The data >>
:::::

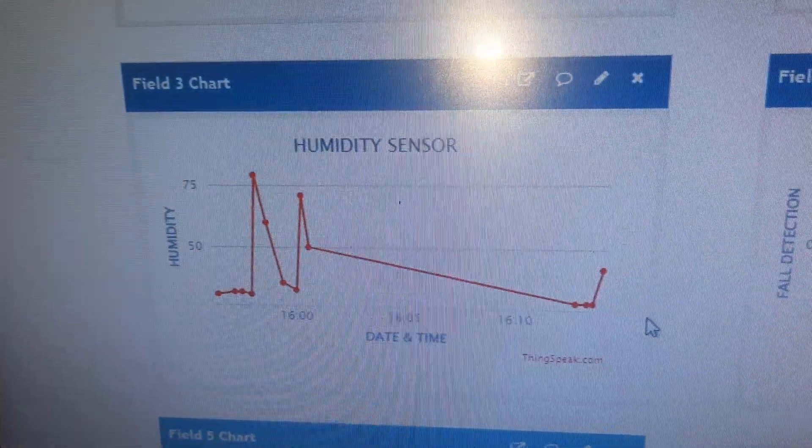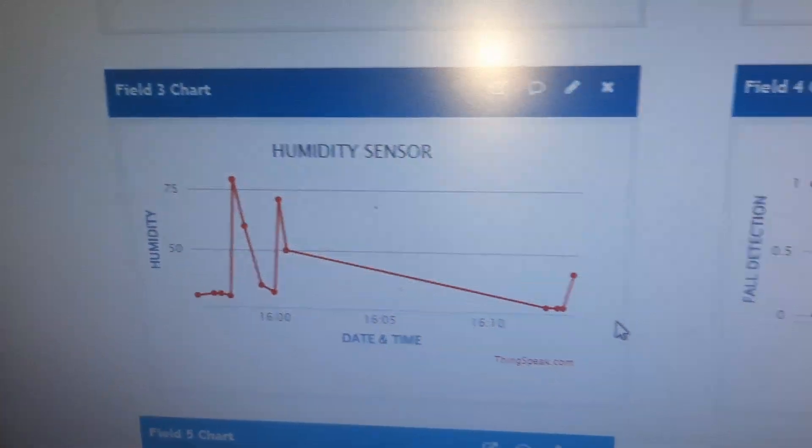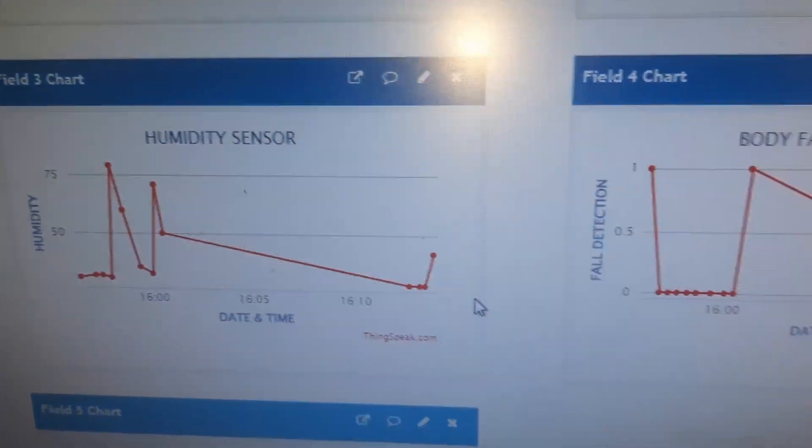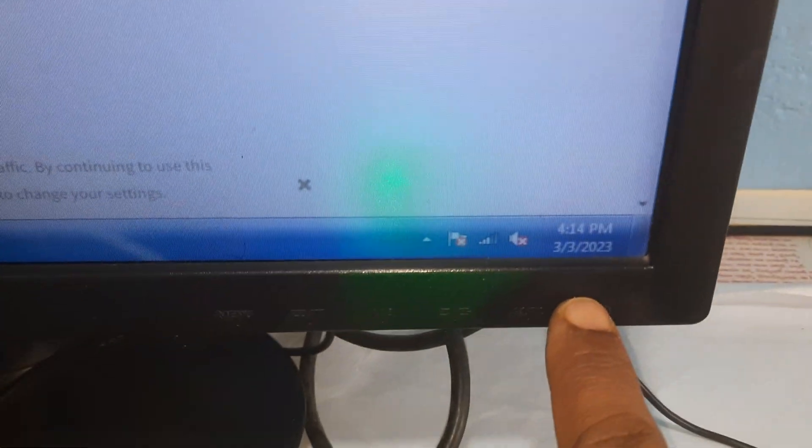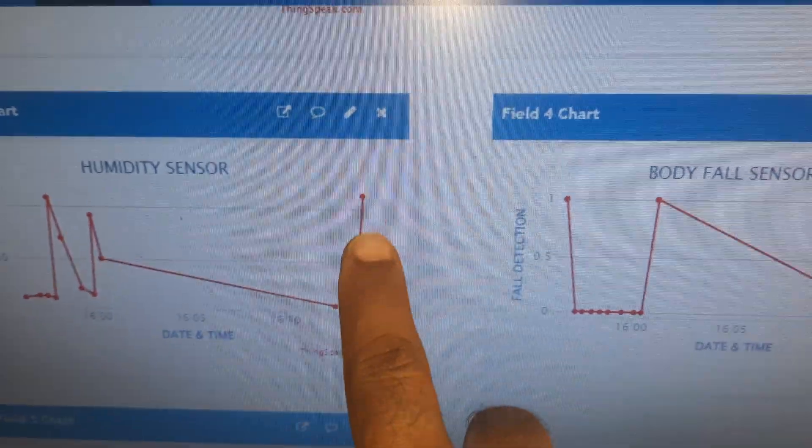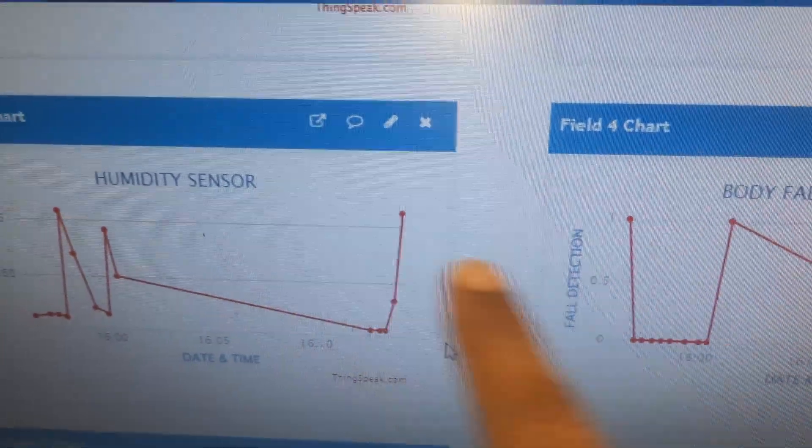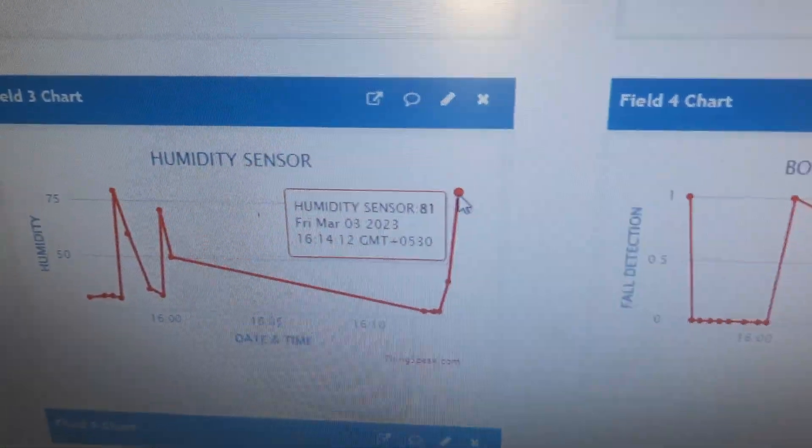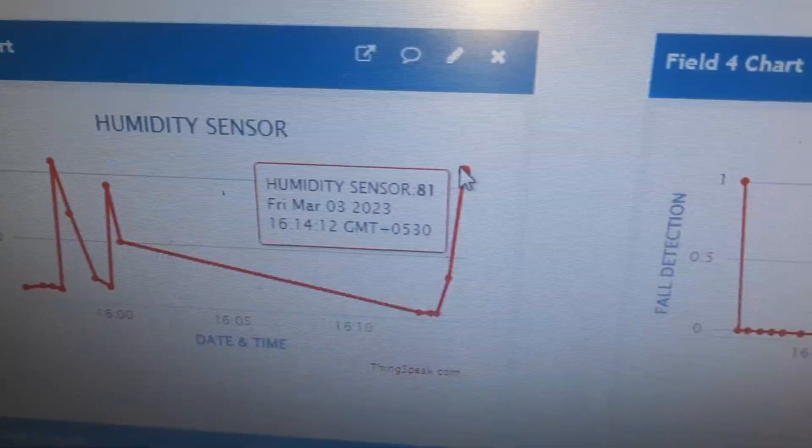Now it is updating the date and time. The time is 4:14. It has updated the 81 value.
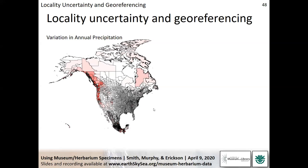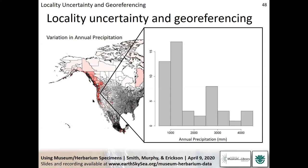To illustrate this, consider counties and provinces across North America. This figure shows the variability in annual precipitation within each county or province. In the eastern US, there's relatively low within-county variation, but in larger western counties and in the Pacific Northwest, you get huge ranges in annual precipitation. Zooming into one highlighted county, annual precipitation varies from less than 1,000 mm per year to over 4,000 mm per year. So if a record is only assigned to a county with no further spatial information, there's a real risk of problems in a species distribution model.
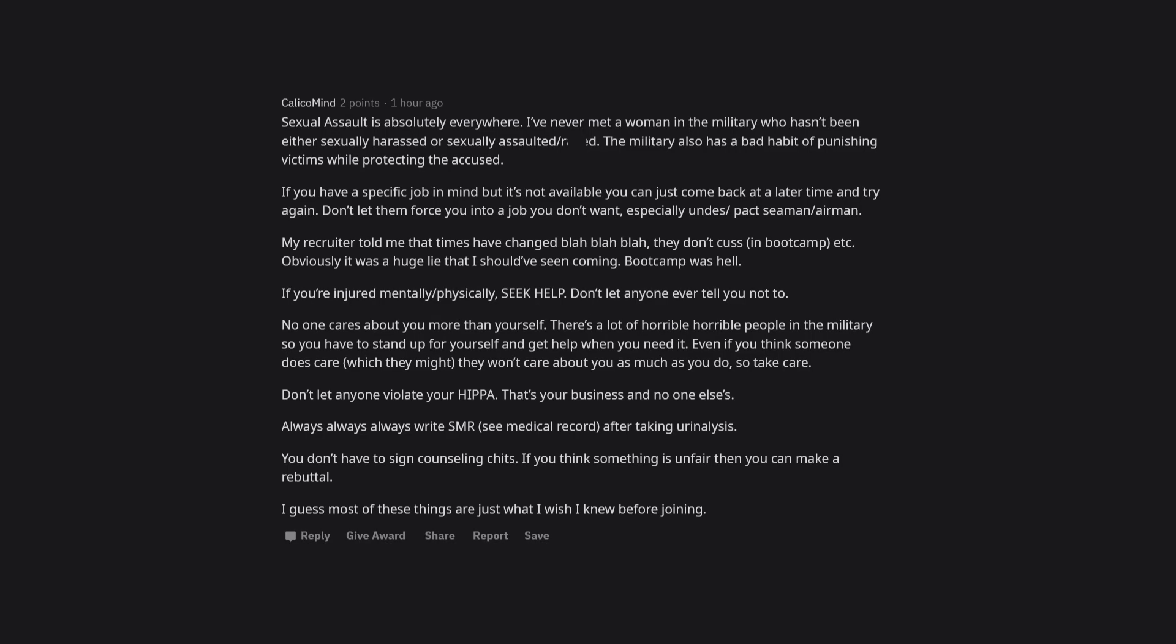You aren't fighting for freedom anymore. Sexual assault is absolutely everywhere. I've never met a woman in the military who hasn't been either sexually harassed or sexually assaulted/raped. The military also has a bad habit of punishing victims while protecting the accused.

:::::

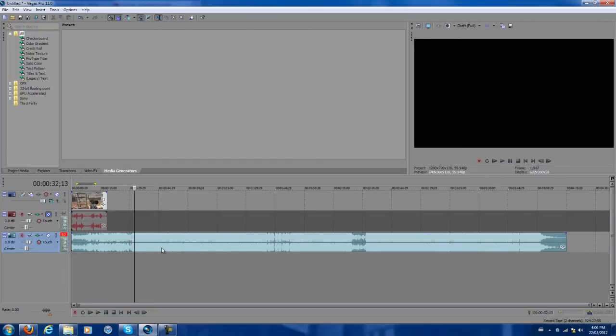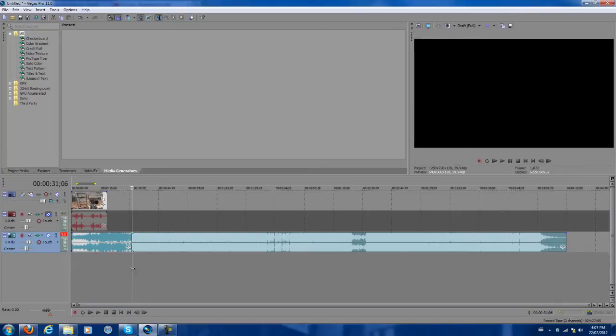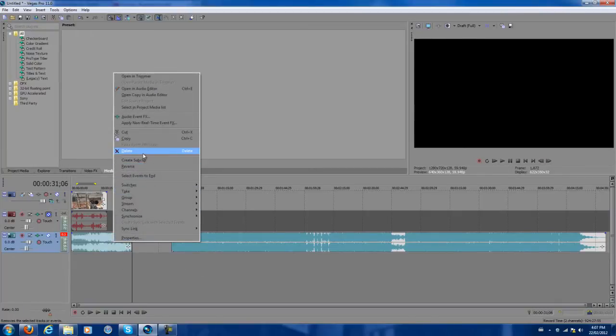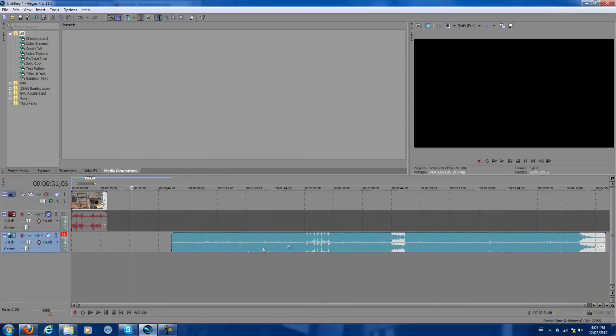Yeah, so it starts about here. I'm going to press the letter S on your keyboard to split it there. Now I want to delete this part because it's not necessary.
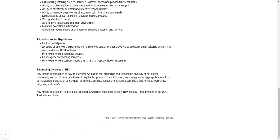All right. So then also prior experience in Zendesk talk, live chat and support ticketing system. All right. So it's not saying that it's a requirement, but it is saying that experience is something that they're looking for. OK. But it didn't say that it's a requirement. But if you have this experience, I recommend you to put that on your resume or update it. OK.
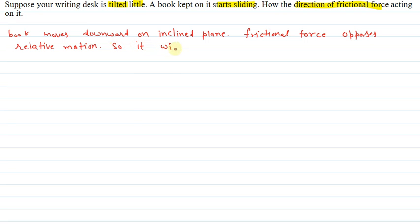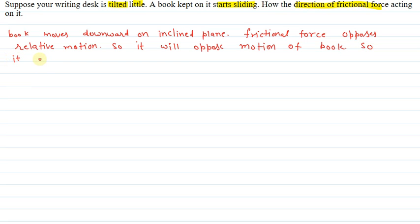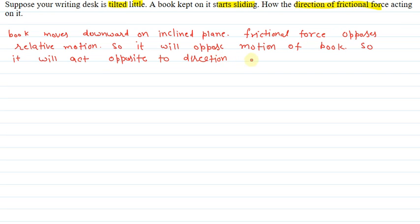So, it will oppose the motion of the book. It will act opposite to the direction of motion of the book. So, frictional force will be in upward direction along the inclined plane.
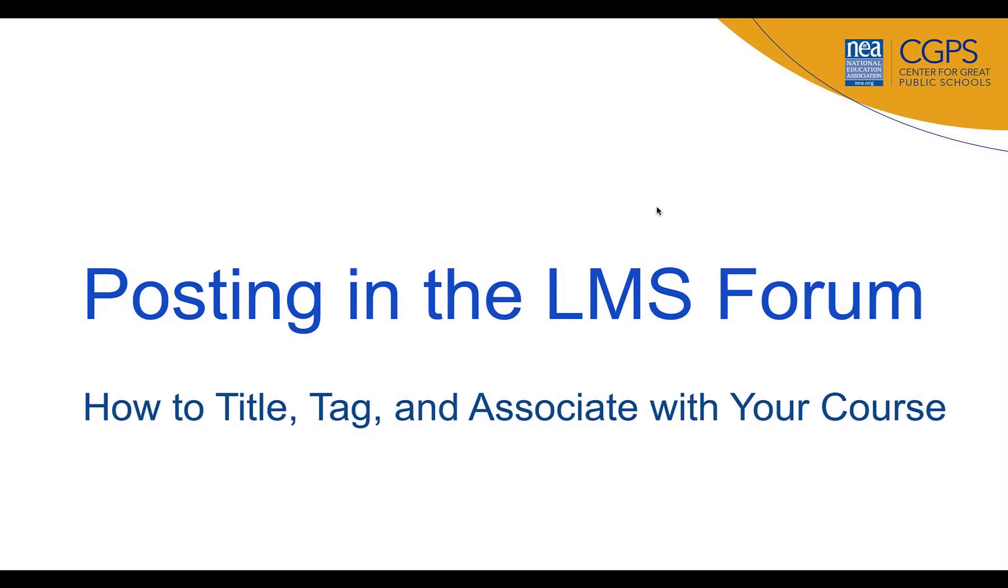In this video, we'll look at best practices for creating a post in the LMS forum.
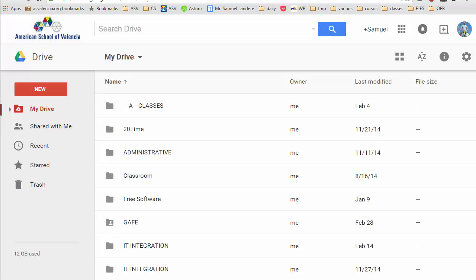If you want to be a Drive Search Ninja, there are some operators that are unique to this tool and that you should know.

:::::

What this task involves >>
What lines above run from the one with "In this video, we'll" to the one with "If you want"? Give them again exactly, ends included, and leave the pictures out.

Answer box >>
In this video, we'll look at best practices for creating a post in the LMS forum.
If you want to be a Drive Search Ninja, there are some operators that are unique to this tool and that you should know.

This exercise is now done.